First systematic investigation of nonequilibrium carrier dynamics in PtTe2 using optical pump-THz probe spectroscopy, highlighting the role of polaron formation in ultrafast photoconductivity response.

Findings

Negative THz photoconductivity observed in 5 nm PtTe2 film

Small polaron formation attributed to strong electron-phonon coupling

Ultrafast carrier cooling and polaron formation occur within subpicoseconds

Abstract

As a newly emergent type-II Dirac semimetal, Platinum Telluride (PtTe2) stands out from other 2D noble-transition-metal dichalcogenides for the unique structure and novel physical properties, such as high carrier mobility, strong electron-phonon coupling and tunable bandgap, which make the PtTe2 a good candidate for applications in optoelectronics, valleytronics and far infrared detectors.

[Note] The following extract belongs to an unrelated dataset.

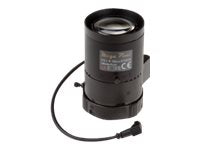 Axis CCTV-Objektiv – 5 MP, Automatische Irisblende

Although the transport properties of PtTe2 have been studied extensively, the dynamics of the nonequilibrium carriers remain nearly uninvestigated. Herein we employ optical pump-terahertz (THz) probe spectroscopy (OPTP) to systematically study the photocarrier dynamics of PtTe2 thin films with varying pump fluence, temperature, and film thickness. Upon photoexcitation the THz photoconductivity (PC) of 5 nm PtTe2 film shows abrupt increase initially, while the THz PC changes into negative value in a subpicosecond time scale, followed by a prolonged recovery process that lasted hundreds of picoseconds (ps). This unusual THz PC response observed in the 5 nm PtTe2 film was found to be absent in a 2 nm PtTe2 film. We assign the unexpected negative THz PC as the small polaron formation due to the strong electron-Eg-mode phonon coupling, which is further substantiated by pump fluence- and temperature-dependent measurements as well as the Raman spectroscopy. Moreover, our investigations give a subpicosecond time scale of sequential carrier cooling and polaron formation. The present study provides deep insights into the underlying dynamics evolution mechanisms of photocarrier in type-II Dirac semimetal upon photoexcitation, which is fundamental importance for designing PtTe2-based optoelectronic devices.